Malgré l'apparent retour à la normale sur les chantiers du Québec, des grutiers continueraient à faire des moyens de pression par la bande en refusant de faire des heures supplémentaires jusqu'à lundi. La situation pourrait forcer la fermeture de certains chantiers ce week-end encore.

Selon différentes sources, le mot d'ordre se serait passé à la suite d'une rencontre syndicale tenue mardi soir par les grutiers. Ceux-ci sont en colère contre un nouveau règlement qui permet à des ouvriers non spécialisés de manoeuvrer des grues de petite taille hors des grands chantiers sans suivre une formation professionnelle obligatoire de 870 heures.

Au cours du week-end, devant le refus des grutiers de se plier à une ordonnance du Tribunal administratif du travail qui les obligeait à mettre fin à leur grève illégale, la FTQ et le gouvernement Couillard ont convenu de mettre sur pied un «comité indépendant» pour étudier la question. Mais une déclaration publique de Florent Tanlet, porte-parole de la ministre du Travail, qui a affirmé mardi qu'il était «hors de question de revoir le règlement» malgré la mise sur pied de ce comité, aurait mis le feu aux poudres.

Aucun des deux syndicats de grutiers n'a rappelé La Presse.

«Ce n'est pas un mot d'ordre du syndicat, mais il se peut que certains [grutiers] aient décidé de ne pas faire d'heures supplémentaires.
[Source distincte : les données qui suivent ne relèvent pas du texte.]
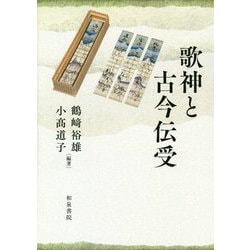歌神と古今伝受 [単行本]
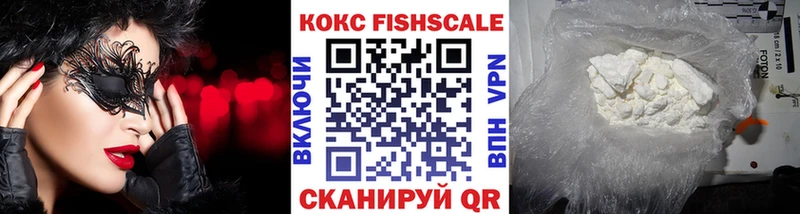 это наркотические препараты  Кудымкар  COCAIN 99%  где купить наркоту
Ils sont mécontents, c'est possible», dit Gabrielle Tellier, de la firme de relations publiques Tesla RP, qui représente l'Union des opérateurs grutiers (section locale 791G, affiliée à la FTQ-Construction).
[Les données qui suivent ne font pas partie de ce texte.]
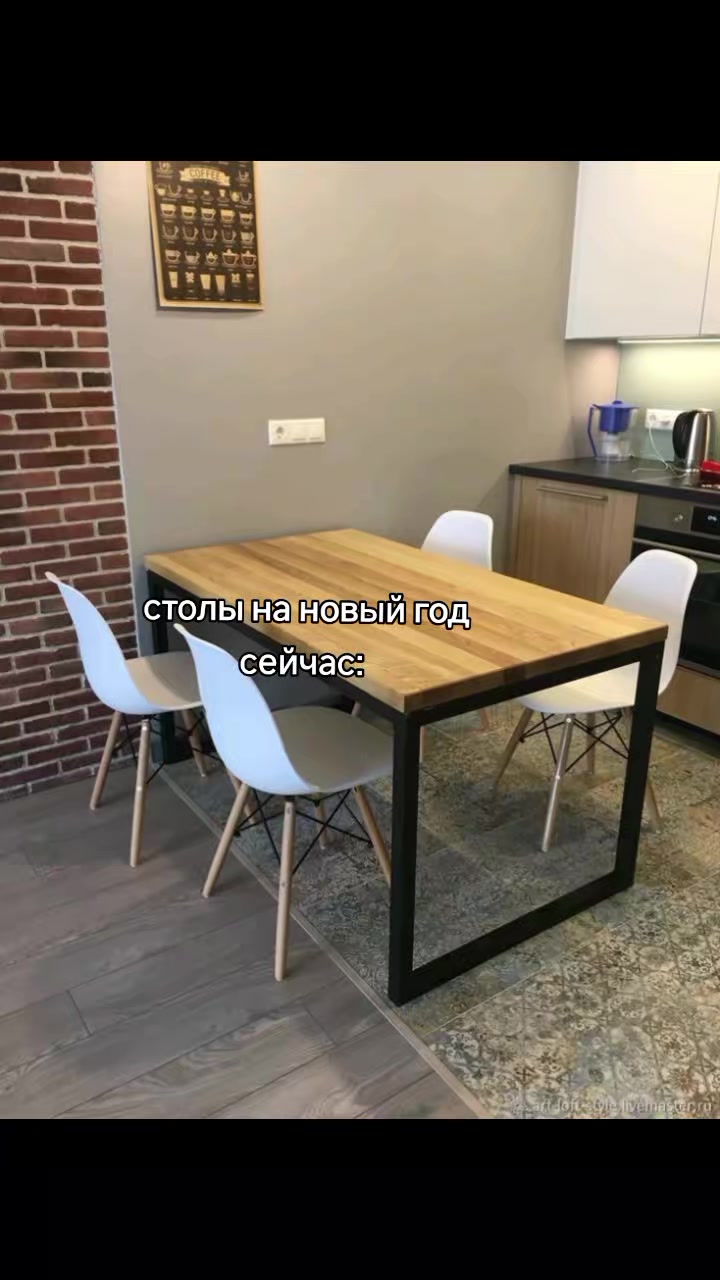 @Репосты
La Commission de la construction a pour sa part indiqué qu'elle menait toujours son enquête, mais n'a pas voulu faire de commentaires.

Une source de l'industrie de la construction affirme que le refus des grutiers de faire des heures supplémentaires s'appliquerait entre autres au chantier du nouveau pont Champlain, qui comprend une cinquantaine de grues.
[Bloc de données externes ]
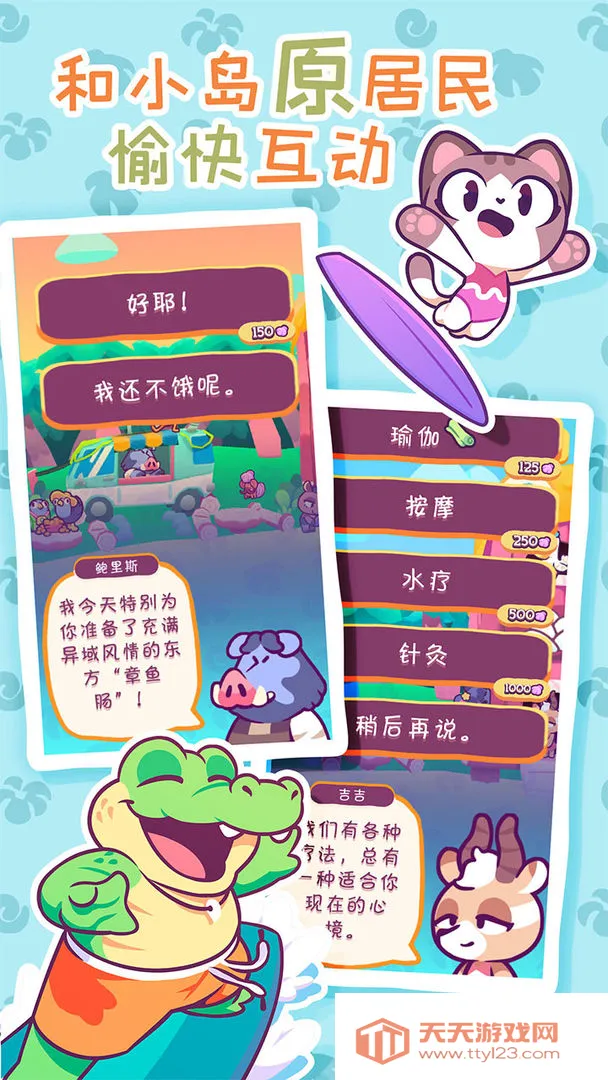 �����ļ��������ֻ���v1.0.19 �ٷ������ͼ3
L'échéancier serré des travaux pour respecter l'objectif de livrer le nouveau pont le 21 décembre nécessite que des heures supplémentaires soient réalisées la nuit et le week-end.

Le consortium Signature sur le Saint-Laurent, maître d'oeuvre du chantier, n'a pas voulu faire de commentaires.

Une faille dans l'ordonnance

La Commission de la construction du Québec a allégué la semaine dernière qu'un «refus concerté» des grutiers de faire des heures supplémentaires minait les chantiers de la province et a demandé au Tribunal administratif du travail de prendre «toutes les mesures nécessaires» pour y mettre fin. L'ordonnance rendue par le juge Alain Turcotte force les grutiers à «cesser immédiatement toute grève ou ralentissement de travail» et les oblige à «offrir leur prestation normale et habituelle de travail», mais nulle part dans sa décision il n'est explicitement question des heures supplémentaires. 

«Dans un contexte où il est difficile de prouver que la ligne est franchie dans le non-respect de l'ordonnance, il faut s'attendre à en voir certains exploiter cette faille-là», affirme Éric Thibaudeau, avocat spécialisé en droit de la construction au cabinet Langlois.

Selon Christian Croteau, porte-parole de l'Association des constructeurs de routes et de grands travaux du Québec, certaines heures supplémentaires dans de grands chantiers sont «institutionnalisées», ce qui oblige les travailleurs à les faire quoi qu'il arrive. «Dans de tels cas, la jurisprudence indique, règle générale, qu'il n'est pas possible de diminuer la cadence autrement que de façon concertée, ce qui peut être considéré comme un ralentissement de travail», résume-t-il.

S'il devait être démontré en cour que les syndiqués ou leurs représentants ont contrevenu à l'ordonnance du juge Turcotte en refusant de faire des heures supplémentaires, ils pourraient être reconnus coupables d'outrage au tribunal, une accusation grave pouvant mener jusqu'à des peines d'emprisonnement.